The difficulty that has prevented most published DAC calibration techniques from suppressing dynamic error arises from a property inherent to continuous-time DACs. Such DACs generate a continuous-time output pulse for each input codeword, and the output pulse has a bandwidth that far exceeds the DAC’s sample-rate because its duration is time-limited to one clock period. Therefore, any technique that cancels dynamic error either must do so over a bandwidth that is much wider than the DAC’s signal bandwidth, which is unlikely to be practical given the multi-GHz sample-rates required of RF DACs, or must perform frequency selective cancellation over a single Nyquist band. The proposed research will develop techniques that do the latter and demonstrate them via a DAC IC that targets best of class performance.
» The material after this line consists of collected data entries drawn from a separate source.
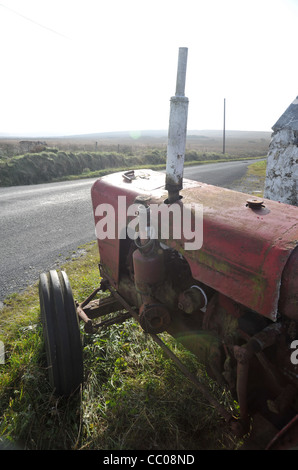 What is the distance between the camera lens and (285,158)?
10.3ft

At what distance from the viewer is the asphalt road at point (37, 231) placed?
14.0ft

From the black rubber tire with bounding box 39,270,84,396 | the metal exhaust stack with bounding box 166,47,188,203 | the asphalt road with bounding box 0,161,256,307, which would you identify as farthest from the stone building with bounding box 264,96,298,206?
the asphalt road with bounding box 0,161,256,307

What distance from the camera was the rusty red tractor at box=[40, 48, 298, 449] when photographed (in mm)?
1351

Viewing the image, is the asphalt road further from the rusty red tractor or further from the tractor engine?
the tractor engine

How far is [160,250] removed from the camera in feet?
6.21

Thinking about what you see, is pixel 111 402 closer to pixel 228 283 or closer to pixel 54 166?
pixel 228 283

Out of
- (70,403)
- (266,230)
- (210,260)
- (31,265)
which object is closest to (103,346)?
(70,403)

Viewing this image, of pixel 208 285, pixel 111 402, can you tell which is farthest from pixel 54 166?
pixel 208 285

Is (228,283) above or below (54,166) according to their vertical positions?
below

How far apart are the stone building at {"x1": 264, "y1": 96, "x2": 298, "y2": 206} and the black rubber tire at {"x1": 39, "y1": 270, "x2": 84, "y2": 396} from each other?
2.32 metres

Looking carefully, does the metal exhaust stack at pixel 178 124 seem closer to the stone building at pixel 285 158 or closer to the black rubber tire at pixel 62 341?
the black rubber tire at pixel 62 341

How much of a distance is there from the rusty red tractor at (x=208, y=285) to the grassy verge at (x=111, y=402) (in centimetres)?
19

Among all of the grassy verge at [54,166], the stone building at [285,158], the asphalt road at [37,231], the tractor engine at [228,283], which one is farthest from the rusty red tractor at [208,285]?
the grassy verge at [54,166]

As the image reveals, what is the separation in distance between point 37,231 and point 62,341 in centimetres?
406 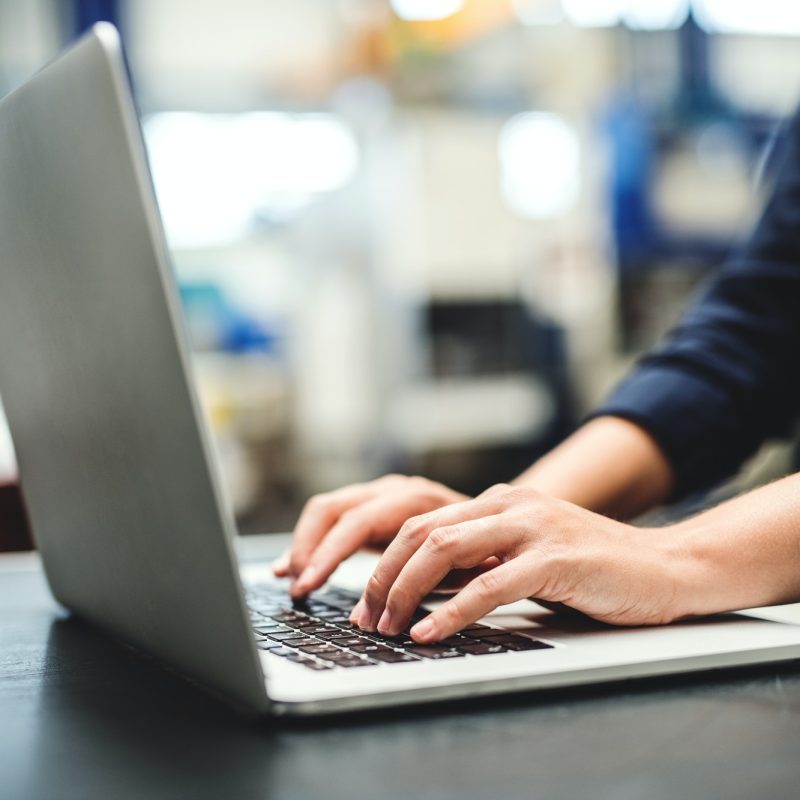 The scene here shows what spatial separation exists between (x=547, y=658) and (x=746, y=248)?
93 cm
We have recently developed the first such technique that is fully automated (i.e., does not require manual tuning) [1]. The technique, called the mismatch-noise cancellation (MNC) technique, cancels static and dynamic error from clock skew and component mismatches over an RF DAC’s first Nyquist band. The initial version of the MNC technique, despite enabling a DAC IC that achieves a Nyquist-band SNDR of 77 dB [2], has two limitations: it oversamples the DAC output, which limited the sample-rate of the DAC IC in [2] to 600 MHz, and it does not cancel ISI. We have since proposed a subsampling version of the MNC technique that eliminates the oversampling requirement [3], but have yet to demonstrate it experimentally. The current phase of this research project involves the development of a new subsampling technique that cancels ISI over a DAC’s first Nyquist band and will demonstrate that the subsampling MNC and ISI cancellation techniques together enable best-of-class performance via a pair of 22 nm CMOS DAC ICs. A proof-of-principle 22 nm CMOS DAC IC enabled by the new techniques will be developed that targets record-setting performance: a worst-case Nyquist-band SNDR of 70 dB and a sample-rate of 6 GHz.